1) The real George, one Hedman P. Lakewurst, was born, grew up, failed to prosper, and died miserably, in good ol' Bedford Falls---NOT fictional, as so many claim, but located too far east of Lake Woebegon to be of any notice to anybody but Frank Capra. Capra was stranded there one Christmas Eve in a blizzard. Frank got drunk in Martini's Bar, and was run out of town by Bert the cop, but all the rest he improvised.

(Capra, before he died, blurted out a mumbled explanation and apology for his screenplay, which came down to us as his but which was actually directed by Elia Kazan, who swore everyone associated with the picture to secrecy about his participation.)

2) Donna Reed was not a virgin when she seduced Jimmy Stewart. In the script, when she tells her mother Jimmy's there "making passionate love" to her, the reason her mother doesn't take the comment as a sarcasm is because it wasn't.

3) We know the ensuing years were not pretty. Bert the cop made it all the way to Chief of Police until he made the mistake of threatening to expose Potter's theft of that $8,000, a fact he'd known all along but had been happy to accept smallish bribes to overlook.
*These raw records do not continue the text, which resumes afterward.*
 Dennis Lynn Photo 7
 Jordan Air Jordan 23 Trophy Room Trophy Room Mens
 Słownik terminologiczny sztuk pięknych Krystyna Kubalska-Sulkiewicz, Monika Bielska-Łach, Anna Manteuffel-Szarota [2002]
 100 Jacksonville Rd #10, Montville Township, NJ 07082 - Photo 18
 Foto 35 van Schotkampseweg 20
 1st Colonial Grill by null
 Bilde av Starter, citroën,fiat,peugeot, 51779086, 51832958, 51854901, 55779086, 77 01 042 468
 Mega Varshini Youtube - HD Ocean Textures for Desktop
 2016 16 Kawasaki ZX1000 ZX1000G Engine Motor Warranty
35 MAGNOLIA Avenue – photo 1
Potter, reacting logically enough, ordered Bert's assassination. Nick the bartender took the contract, slipping cyanide into Chief Bert's beer stein. Ernie, still a cabbie, thought he might finally get out of town with some ready cash, so he agreed to help Nick cart off the body to that highway bridge and drop it into the raging waters of no return. Unfortunately Potter had his "chair lackey" wire a time bomb to the cab's ignition. Of course, their names live on today, Bert and Ernie as hand puppets and Nick as a rerun television network. Potter himself was too evil to ever die. Instead he wound up a hedge fund manager...a dark shadow in the festering back alleys of Wall Street. .
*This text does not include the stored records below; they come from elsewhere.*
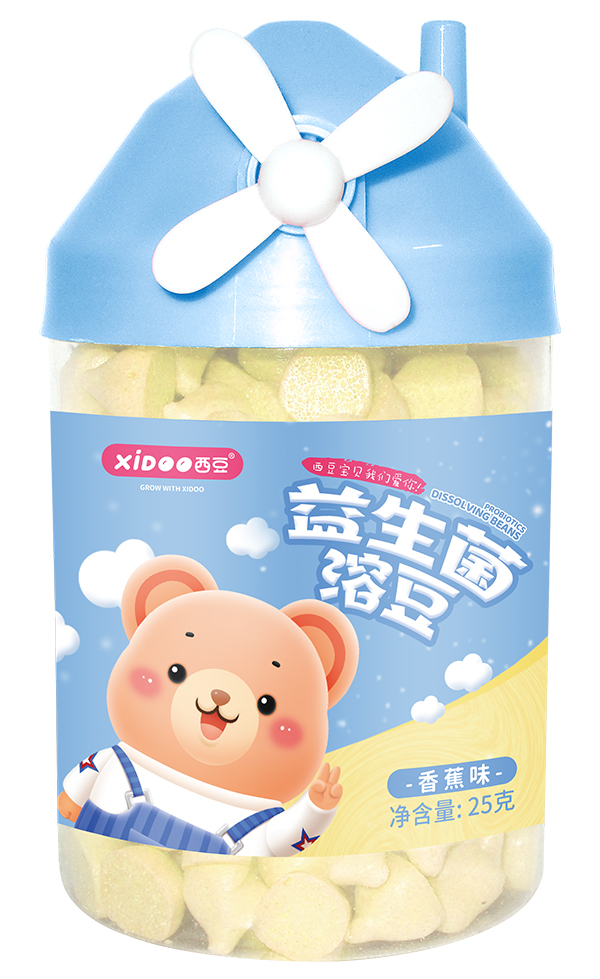 ���� �������ܶ� �㽶ζ.jpg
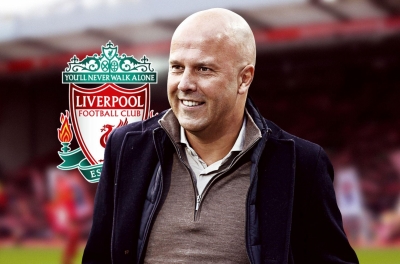 Van Dijk ra đi, Liverpool chi 65 triệu euro đưa 'người thừa kế hoàn hảo' trở lại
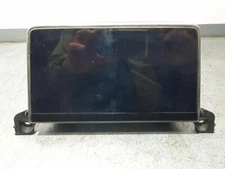 9810032680 4532812 Sat Nav for PEUGEOT 3008 ACTIVE 2016
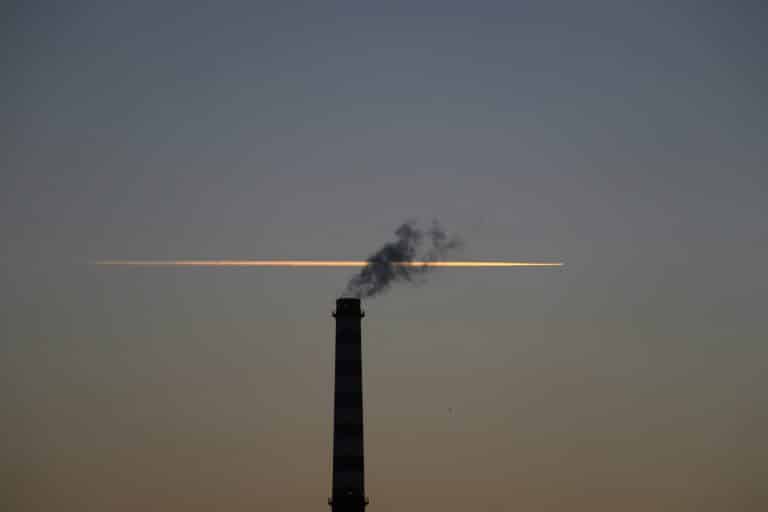 Expanding 5G Networks to Revolutionize Global Communication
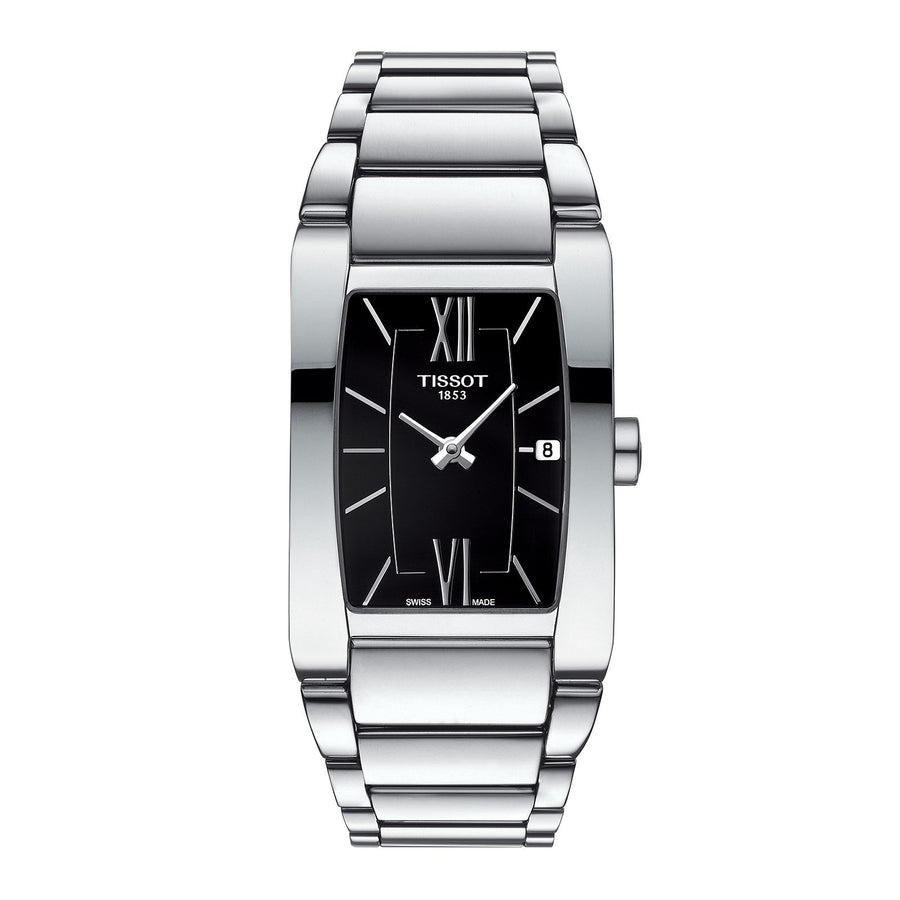 Tissot Generosi-T -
4) In every movie, names are changed to avoid lawsuits, but in this strange case we have a twist: one of the first instances of reverse product placement. Getting wind of the movie, a small town in mid-Michigan decided being known as a city of sin was preferable to never having any reputation at all, and paid the studio handsomely to change "Onondaga" to "Potterville." Somehow this was garbled to add an "s", which made "Pottersville", which was not in Michigan but in Missouri. But so what. Nobody cared one way or the other.
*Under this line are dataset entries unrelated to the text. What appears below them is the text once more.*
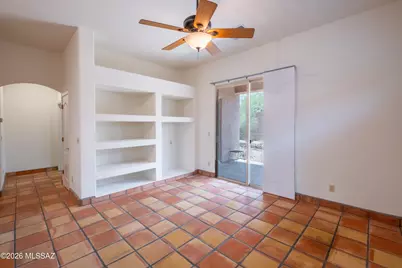 4135 W Coles Wash Lane, Tucson, AZ 85745 - Photo 12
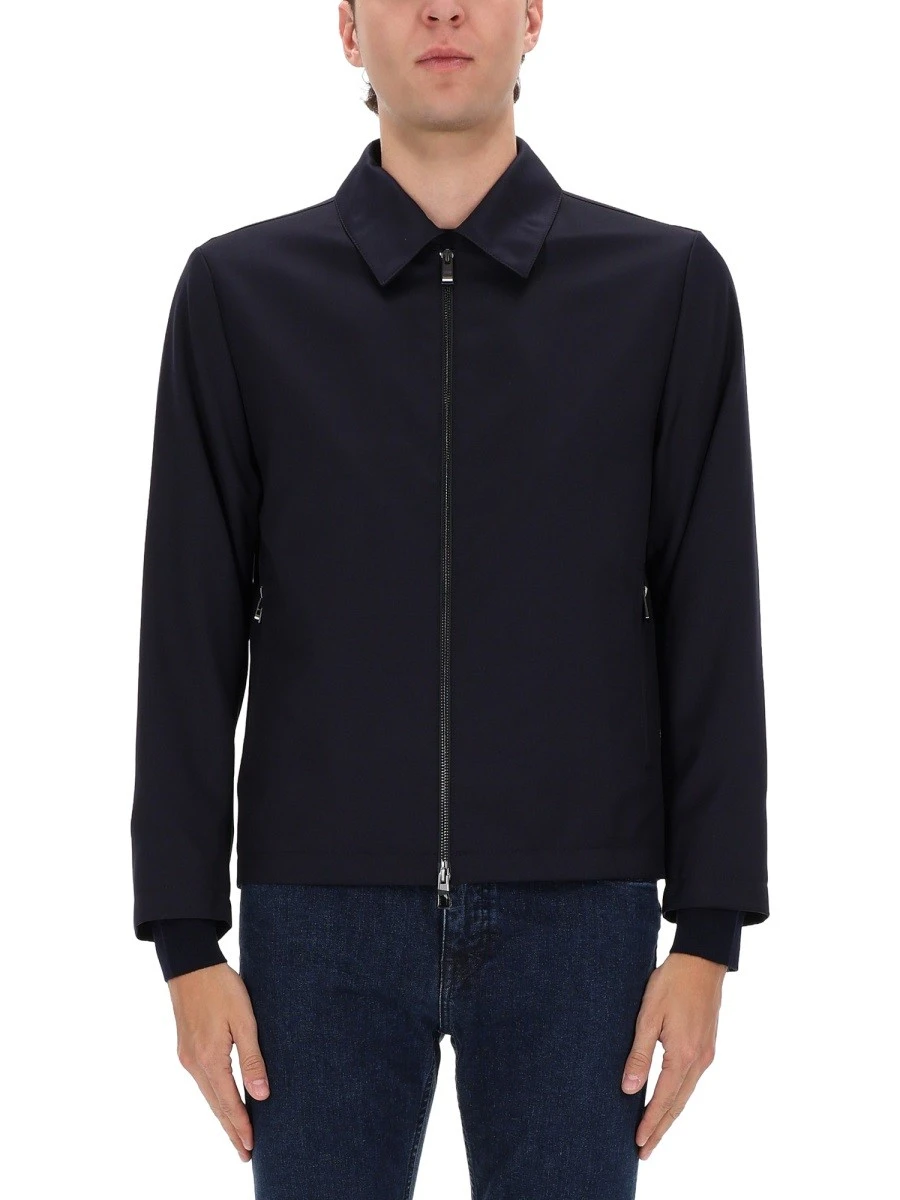 "H-HANRY-WING" JACKET.webp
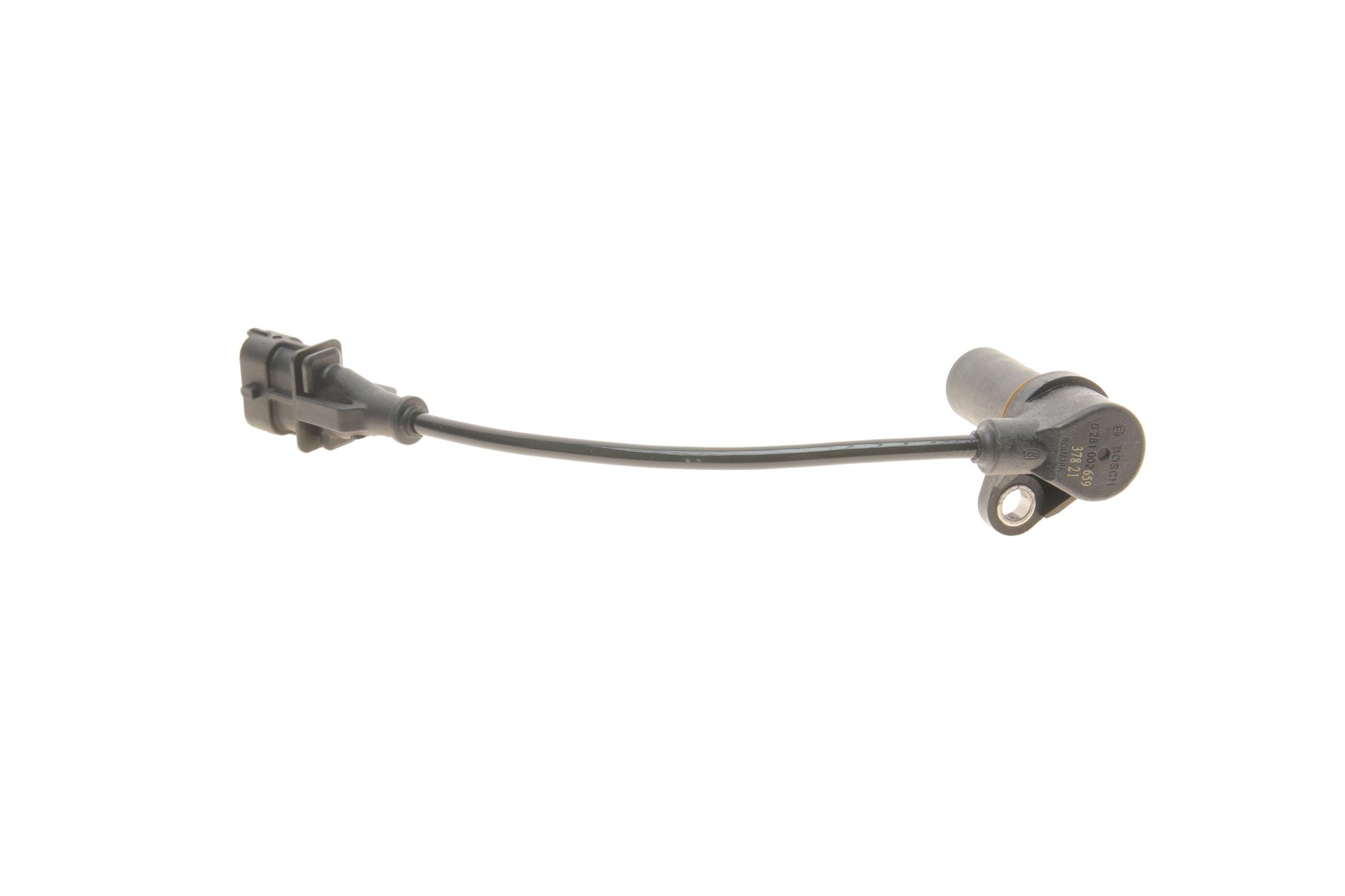 0281002659 BOSCH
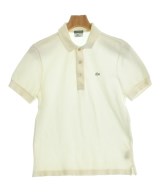 LACOSTE ポロシャツ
It was a nice try, but the Indian Casinos all located elsewhere.

5) Jimmy Stewart and Donna Reed passed on to greater glory after the movie was made. Stewart moved into gosh darn tootin' westerns and Reed evolved into the quintessential sixties housewife. Their torrid backstage romance was never exposed because to do so would contaminate American youth. ,

6) Clarence was an angel, though as you might surmise, a fallen one. The "mission" he was sent to earth to accomplish was NOT to save George Bailey but to demonstrate the futility of economic parity. He failed in this task so miserably that his wings were revoked six months later and he was permanently assigned to the redemption of Joseph Stalin.







3 comments:

Michael Serafin-St. John said...

Thanks to "Kitty" (aka Gail Slaughter of California) for instigating this little piece, which she did by emailing me a link to a NYTimes article about the movie and all its conundrumic logic. Rather than simply pass the link on I wrote my own version, which of course is the only truth available in this world of illusion.

Tumblewords: said...

Interesting! I like that this is the 'only truth' - in this world of illusion.

Michael Serafin-St. John said...

Some slight of hand is involved in all art forms, and I guess that defines illusion. When you write, you share a "truth"... a personal perspective which is truly yours.